Deuxièmement, il est pour nous hors de question - tant qu’aucun B.O. ne nous y contraint - d’uniformiser le descriptif des textes présentés à l’oral, a fortiori selon le modèle présenté par M. l’Inspecteur Pédagogique Régional Martinez. Nous sommes des intellectuels, non des bureaucrates chargés de ranger la littérature dans des carcans qui l’étouffent. Cela a été suffisamment dénoncé par l’universitaire Henri Mitterand ( voir par exemple la revue " Le Débat ", nº 71, septembre-octobre 1992, www.sauv.net/anaodo.htm ), ou par Jean-Pierre Le Goff dans La Barbarie douce. Ce souci de normer – de même que l’esprit général d’une charte - nous paraît témoigner d’un manque de confiance à l’égard du professeur, d’un véritable climat de suspicion entretenu artificiellement par des intérêts extérieurs. Il est profondément illusoire de croire résoudre par l’accumulation des contraintes les difficultés inhérentes au nouvel oral de l’ÉAF. Ce n’est pas ainsi que sera réglé le problème, bien au contraire. Un encadrement excessif de l’oral risque bien d’être paralysant pour l’examinateur, et desséchant pour l’élève.
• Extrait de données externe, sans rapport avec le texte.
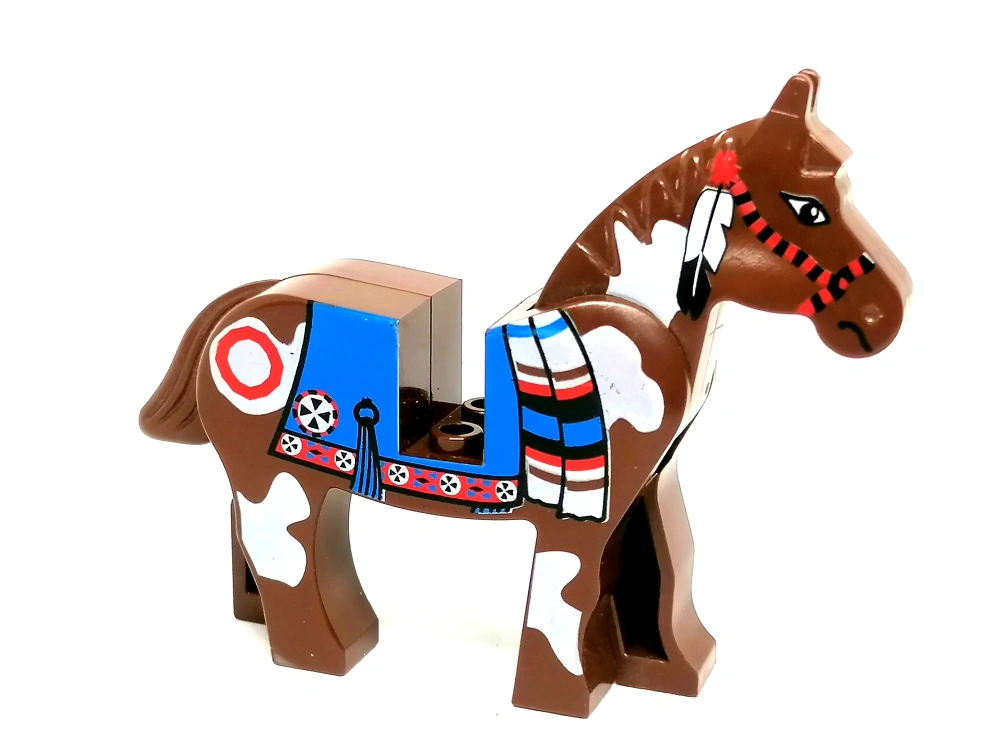 LH3149 LEGO HRANÝ INDIÁNSKÝ KŮŇ HNĚDÝ S POTISKEM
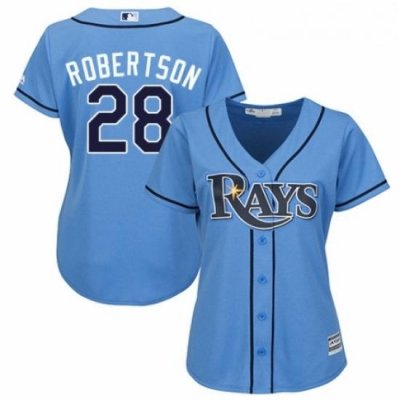 Womens Majestic Tampa Bay Rays 28 Daniel Robertson Authentic Light Blue Alternate 2 Cool Base MLB Jersey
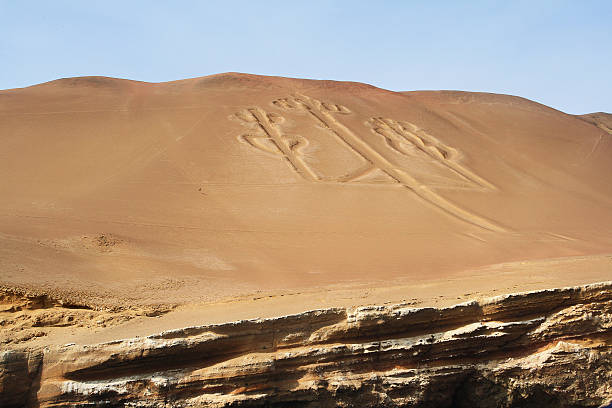istock Ancient large-scale geoglyph Candelabrum figure in Paracas natio 507952733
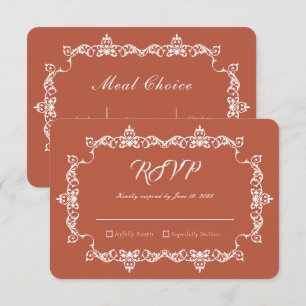 Rustic Terracotta Ember Ornately Framed Wedding RSVP Card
Last but not least, nous avons été particulièrement choqués par le premier paragraphe de votre " charte ", concernant l’attitude des examinateurs lors de l’oral : " Ayons tout d’abord à l’esprit que l’épreuve orale est la première subie par un élève au cours de sa scolarité, et qu’il faut permettre avant tout au candidat de ne pas être déstabilisé par cette situation angoissante a priori. Mieux, il faut le mettre à l’aise et proscrire toute attitude et toute parole désobligeante. " Réclamerons-nous bientôt avec servilité des cours d’ECJS, ou de " moraline ", pour enseignants ? Qui seront les gardes-rouges chargés de les professer ? La " dérive émotionnelle " (lire le livre du même nom par le philosophe Jean Romain), dont ce paragraphe est la manifestation, a certes l’immense avantage de faire vibrer nos cordes sensibles. Mais les élèves d’aujourd’hui ne sont pas moins incapables que ceux d’hier de traverser ce rite de passage, sans que nous ayons besoin de toutes ces consignes d’indulgence. À trop chérir, ne finit-on pas par gâter ? À trop accorder de pseudo-droits, ne finit-on par oublier ses propres obligations – et celles des élèves ?

Cordiales salutations,

MM. Billon, Gaultier, Le Gall, Toutlouyan, professeurs de lettres du lycée français de Lisbonne en classe de Première.

PS : Une copie de cette lettre est adressée à l’Inspection Générale de Lettres, aux IPR MM. Martinez et Jordy, aux proviseurs des lycées français de Barcelone et Lisbonne, ainsi qu’au collectif " Sauver les lettres " ( www.sauv.net ).